Thromb Haemost 2002; 88(05): 733-738
DOI: 10.1055/s-0037-1613294
Review Article
Schattauer GmbH

Antithrombotic Effects of DX-9065a, a Direct Factor Xa Inhibitor

A Comparative Study in Humans versus Low Molecular Weight Heparin
Daichi Shimbo
1   Cardiovascular Biology Research Laboratory
,
Julio Osende
1   Cardiovascular Biology Research Laboratory
,
Julie Chen
1   Cardiovascular Biology Research Laboratory
,
Jonathan Robbins
1   Cardiovascular Biology Research Laboratory
,
Yoshimasa Shimoto
3   Daiichi Pharmaceutical Co., Ltd, Japan
,
Satoshi Kunitada
3   Daiichi Pharmaceutical Co., Ltd, Japan
,
Valentin Fuster
2   Cardiovascular Institute, Mount Sinai School of Medicine New York
,
Juan Jose Badimon
1   Cardiovascular Biology Research Laboratory
› Institutsangaben
This work was supported by Daiichi Pharmaceutical Co, Ltd, Japan and the followings NIH grants P50-HL54469 to JJB and 5-MO1-RR-00071 to the Mount Sinai General Clinical Research Center.
Weitere Informationen

Publikationsverlauf

Received 13. Mai 2002

Accepted after resubmission 11. Juli 2002

Publikationsdatum:
08. Dezember 2017 (online)

Summary

Background

Recent evidence suggests that TF may play a causal role in acute coronary syndromes, and may be an important therapeutic target. Several inhibitors of TF, coagulation factors VIIa and Xa are under investigation as novel antithrombotic approaches. We compared the antithrombotic effects of DX-9065a, a new FXa inhibitor, vs. enoxaparin.

Methods and Results

The protocol was an open-label crossover study. Subjects (n = 6) participated in 3 consecutive study-arms: a) enoxaparin + ASA (1 mg/Kg s. c + 162 mg/day X 3 days), b) three escalating doses of DX-9065a (1 mg bolus + 0.25 mg/h X 2 h, followed by an additional 1 mg bolus + 0.625 mg/h X 2 h and, a final 1 mg bolus + 1.25 mg/h X 2 h), and c) the same doses of DX-9065a in Arm 2 plus ASA pre-treatment.
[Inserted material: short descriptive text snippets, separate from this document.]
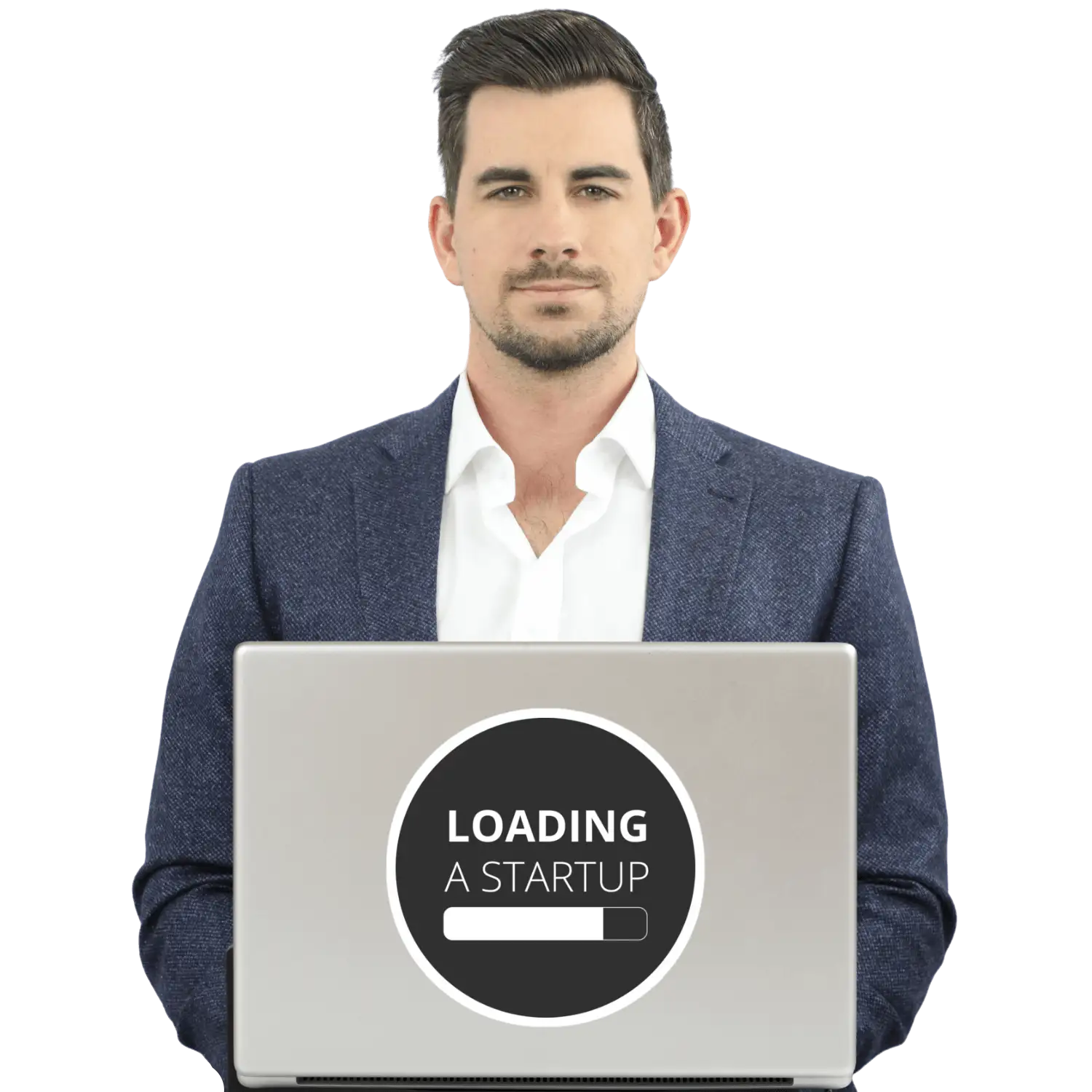 Adam Paulin smiling while working on a laptop.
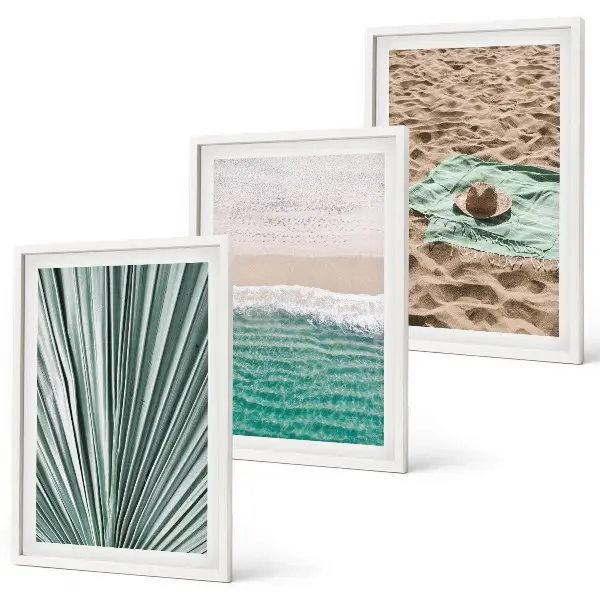 Juego de 3 cuadros con vistas a la playa y al mar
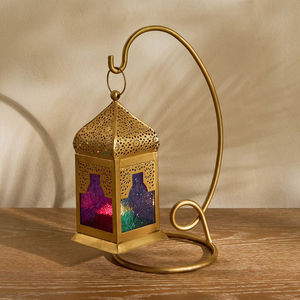 Latest Hot Selling Gold Mini Metal <b>Tea</b> <b>light</b> Candle Holder <b>Lantern</b> with Stand for Ramadan Tabletop Home Decorations - Product Image 2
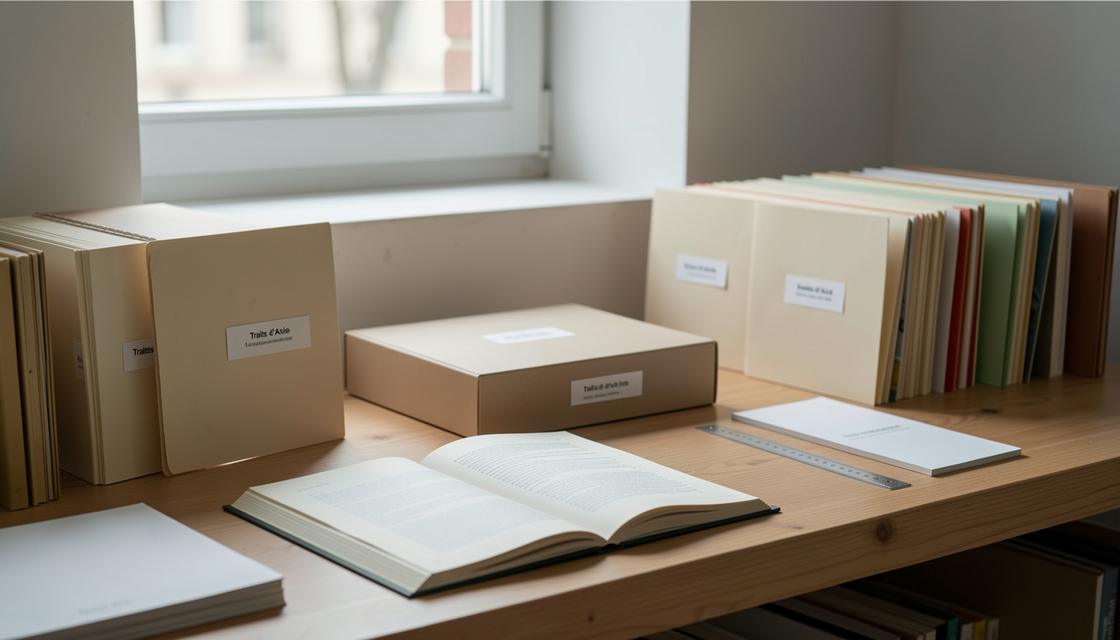 Fonds d’archives artistiques avec chemises neutres, boîte de conservation et catalogue fermé, sans texte lisible.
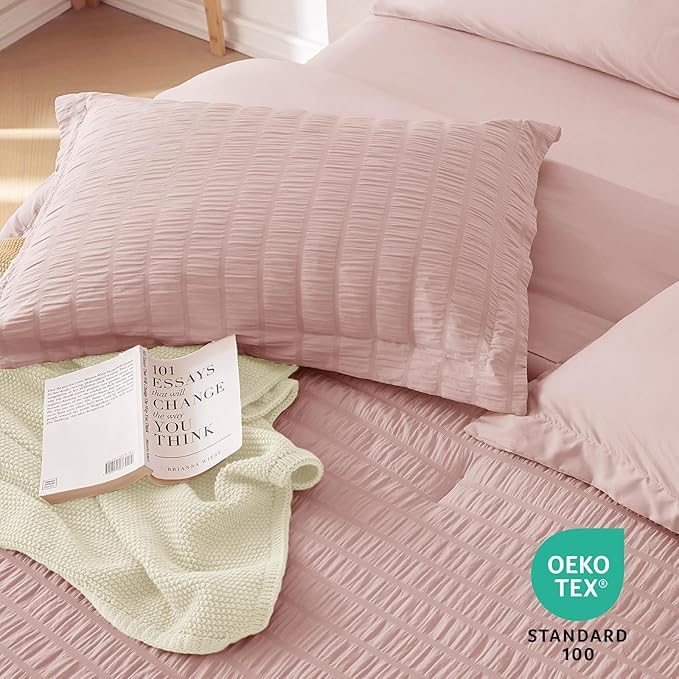 MUXHOMO 7 Pieces King Comforter Set, Seersucker Bed in a Bag King Size - Image 8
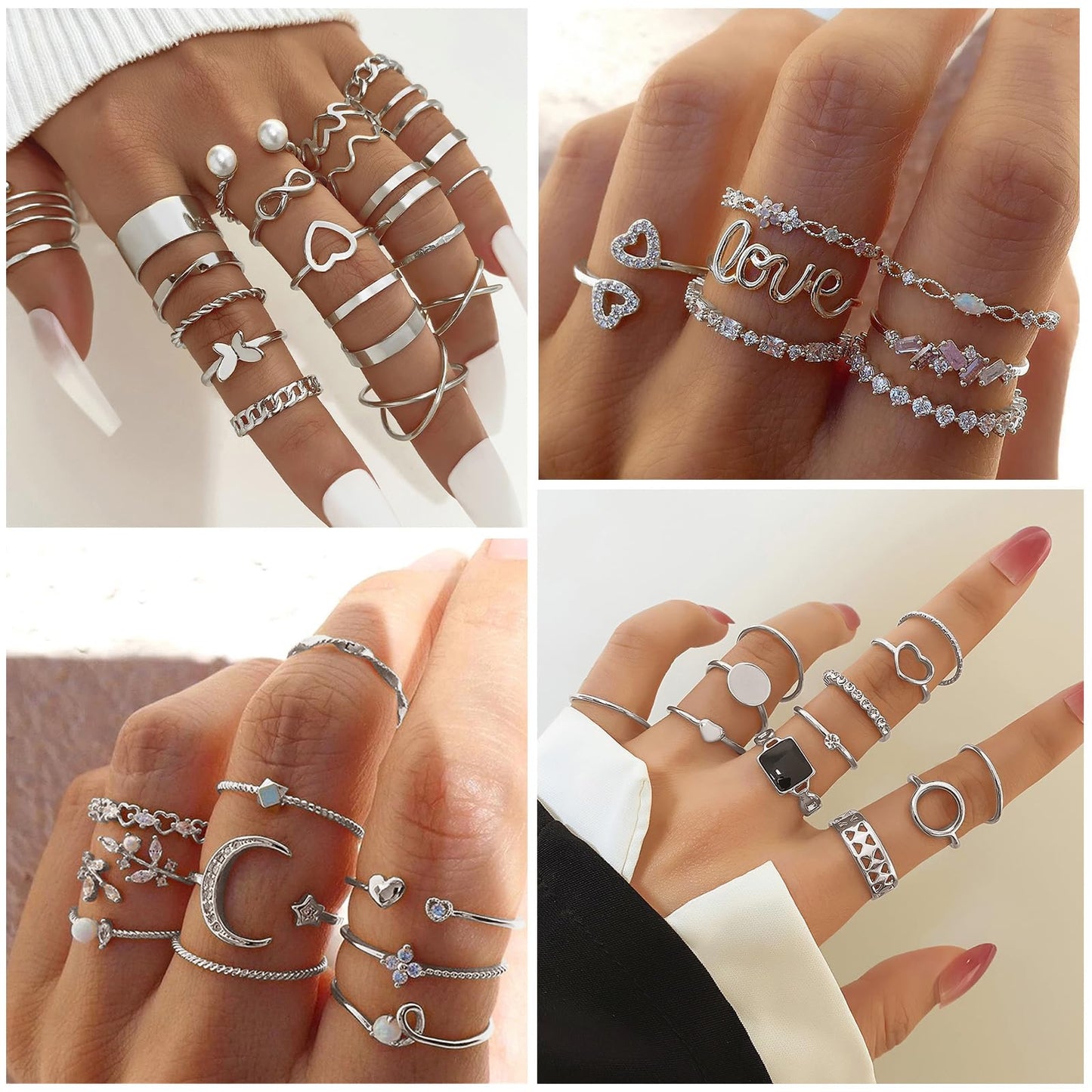 IFKM Gold Knuckle Rings Set For Women Vintage Stackable Joint Finger Midi Rings Dainty Cubic Zirconia Crystal Simple Twist Hollow Cute Rings Pack Jewelry Gift (Moonlight Express, Silver)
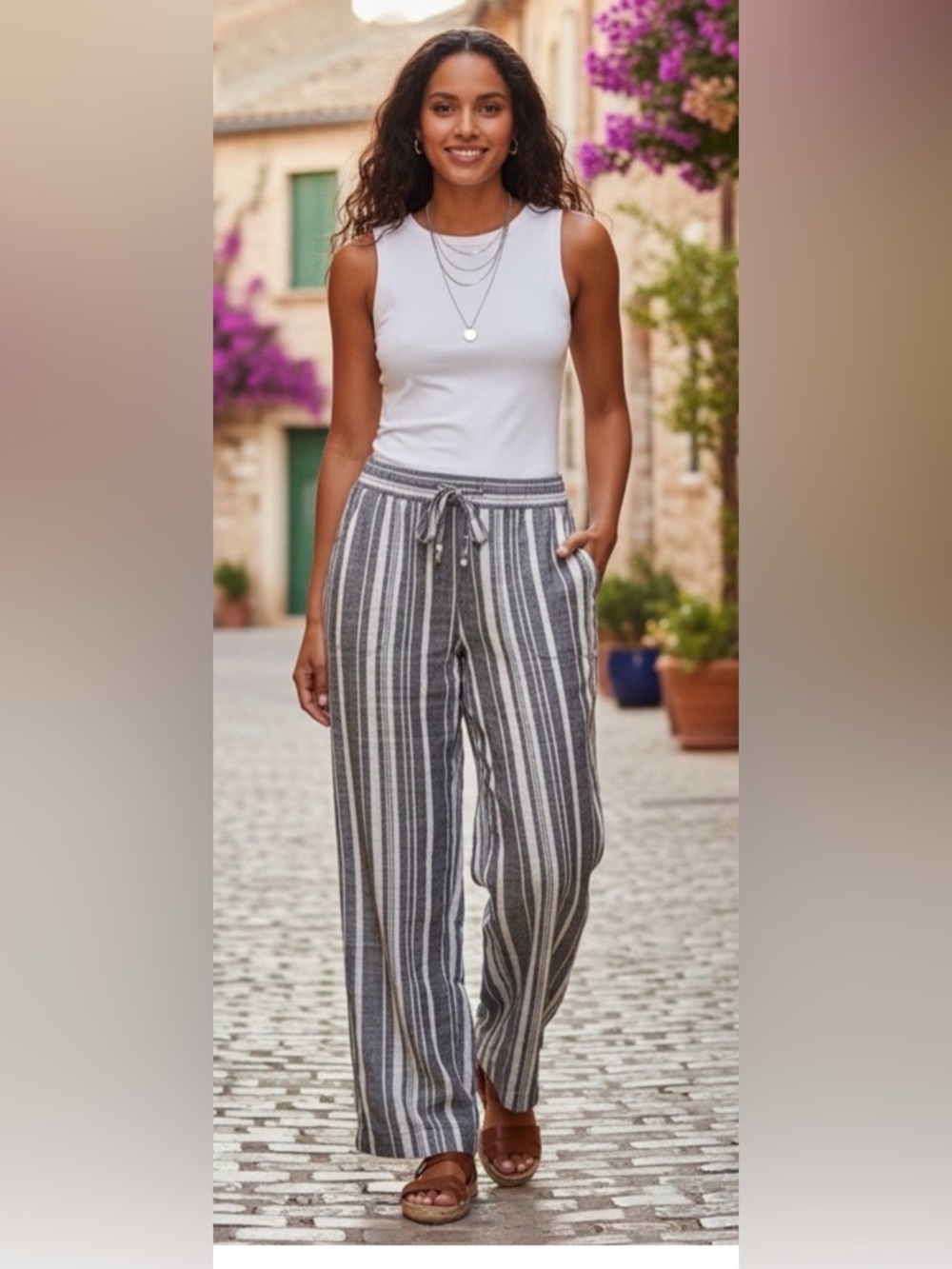 Ellen Tracy Black and White Wide Leg Striped Trousers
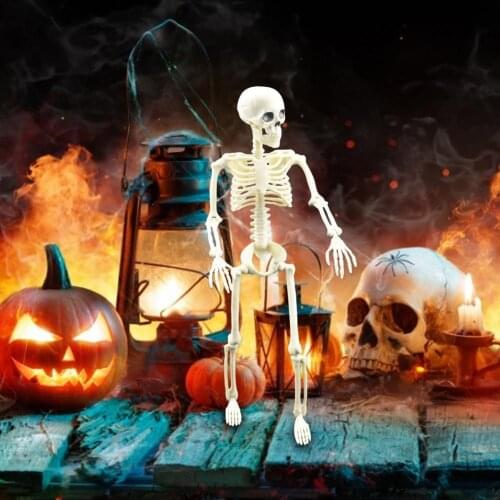 16-Inch Halloween Skeleton Ghost Festival Movable Skull Decoration Party Decoration Funny Noctilucent Ghost Bone Halloween Decor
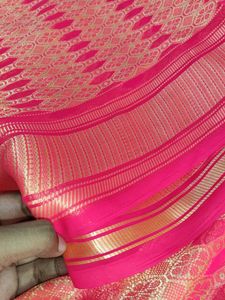 Unused Red Sari ,6 Meters Long.Without Blouse Piece.Georget And Silky Type Cloth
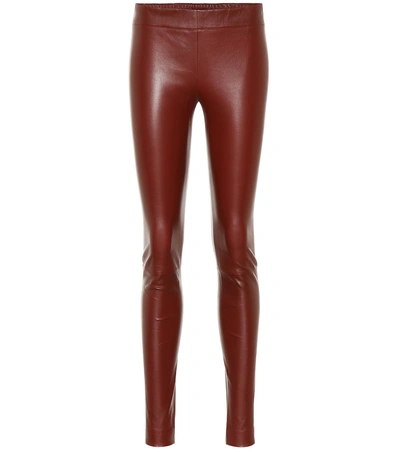 The Row Moto Mid-rise Leather Trousers In Red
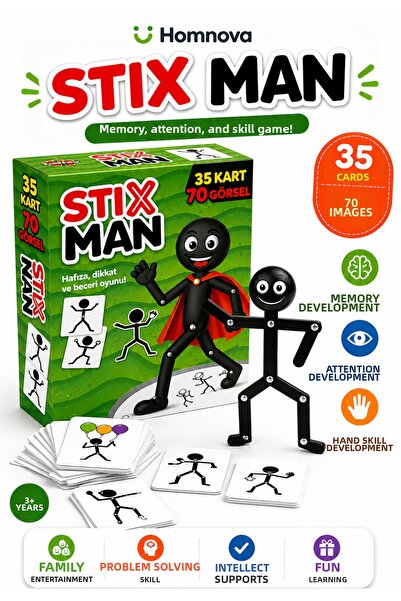 Homnova Stixman Hand-Eye Coordination Game – Educational Intelligence and Attention-Enhancing Card Game for Children (70 Tasks)
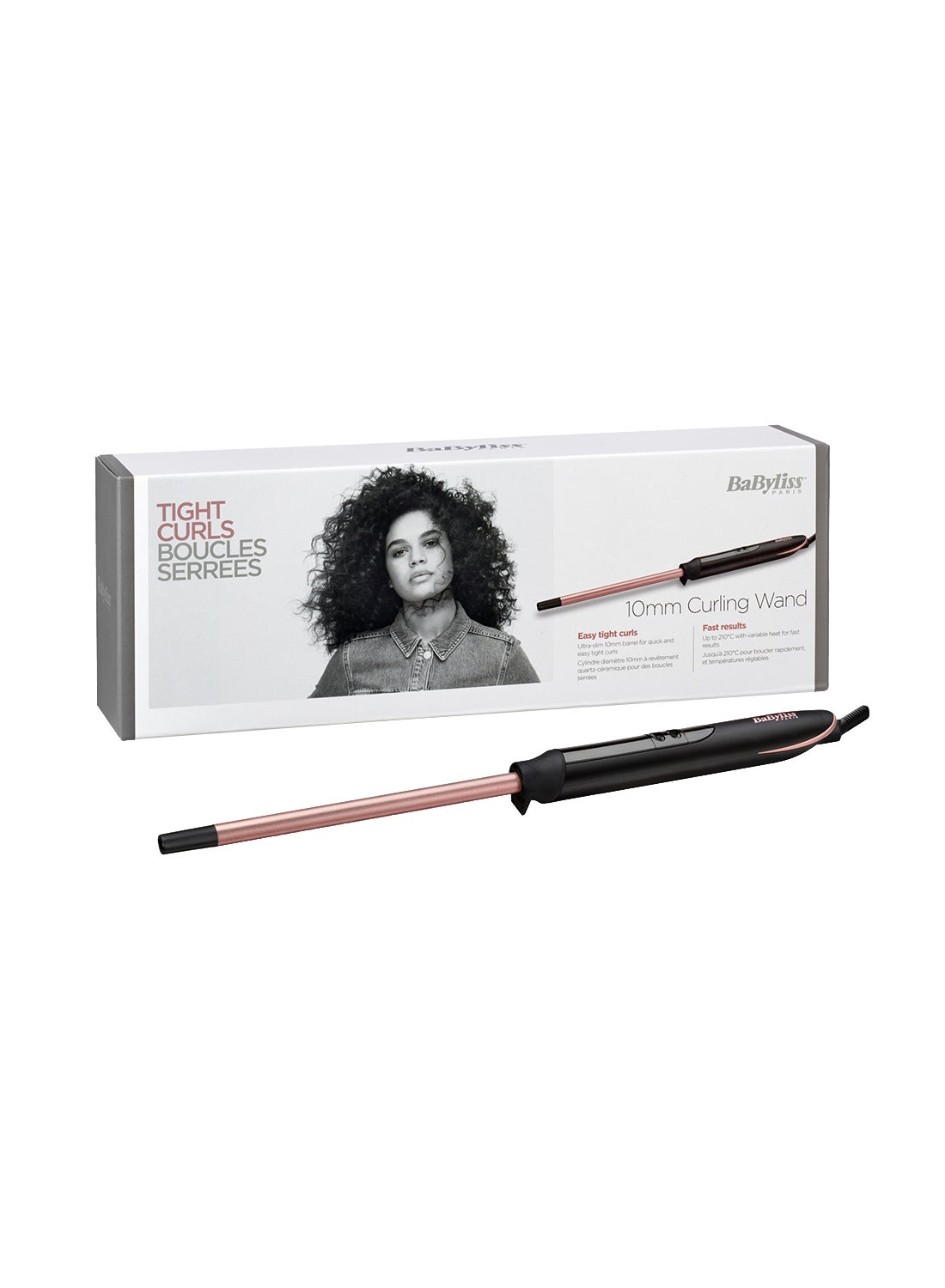 Hair Curler | 10mm Barrel For Precise Curls | led Display For Temperature Control With Quartz Ceramic Technology | 6 Temperature Settings For Customization & Rapid Heat-up Time | C449SDE Black
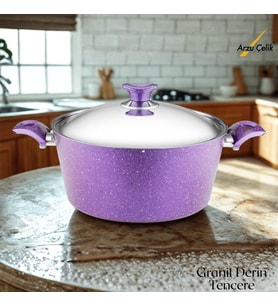 ARZU ÇELİK 28 Cm Granit Derin Tencere Çelik Kapak - Violet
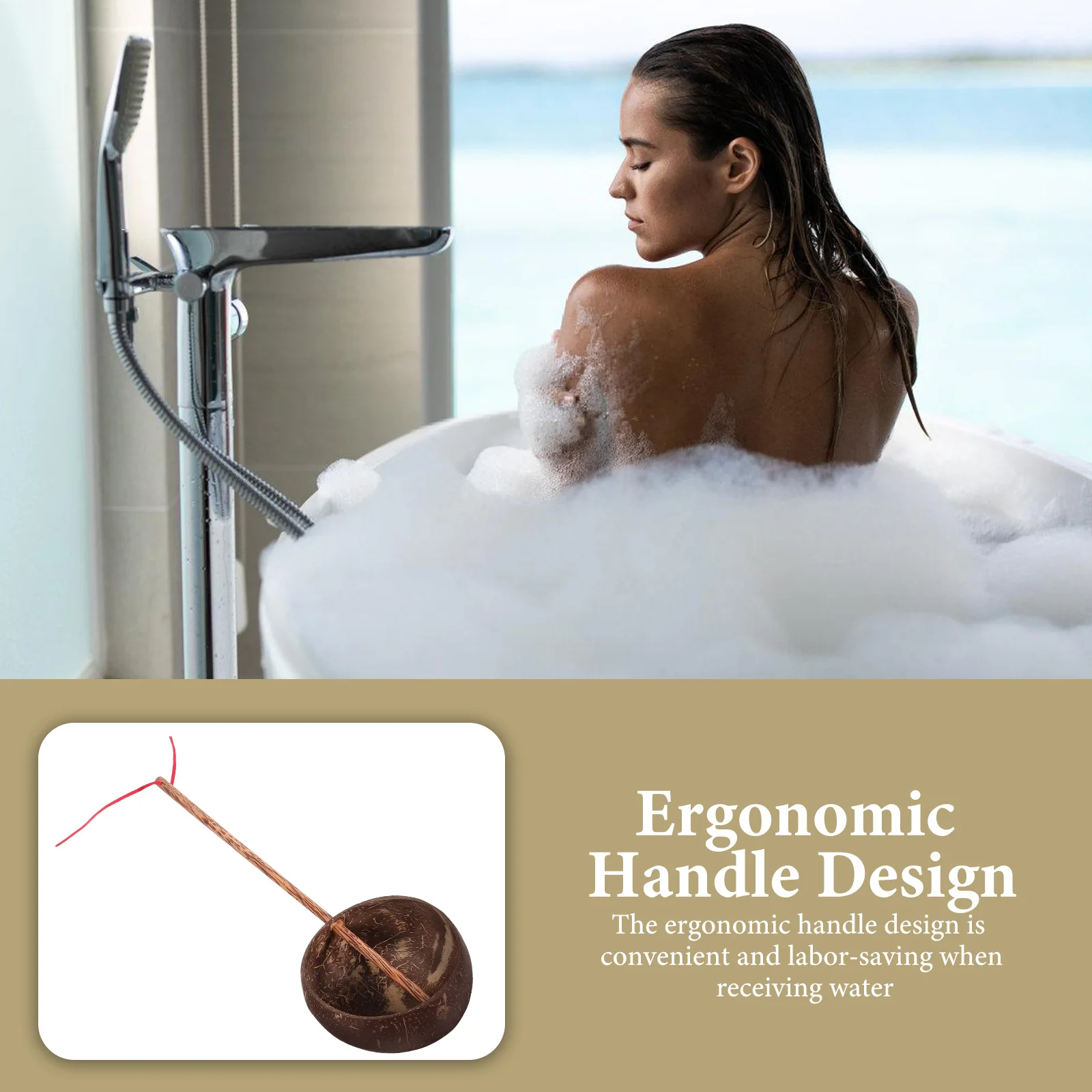 

Long Handle Coconut Shell Water Ladle Bath Scoop Multi Functional Household Water Dipper Spoon Lightweight Bathing Sauna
The antithrombotic effects were assessed using the Badimon perfusion chamber at each dose level.

The administration of DX-9065a whether alone or combined with ASA significantly inhibited thrombus formation at high and low shear rate conditions while enoxaparin did not have a significant effect. Furthermore, these antithrombotic effects were obtained without significant prolongations of the standard coagulation parameters as those induced by enoxaparin.

Conclusions

The direct inhibition of FXa by DX-9065a appears to be a safe and effective new approach for preventing the thrombotic complications of atherosclerotic disease. The clinical effectiveness of the direct FXa inhibitors should be further investigated.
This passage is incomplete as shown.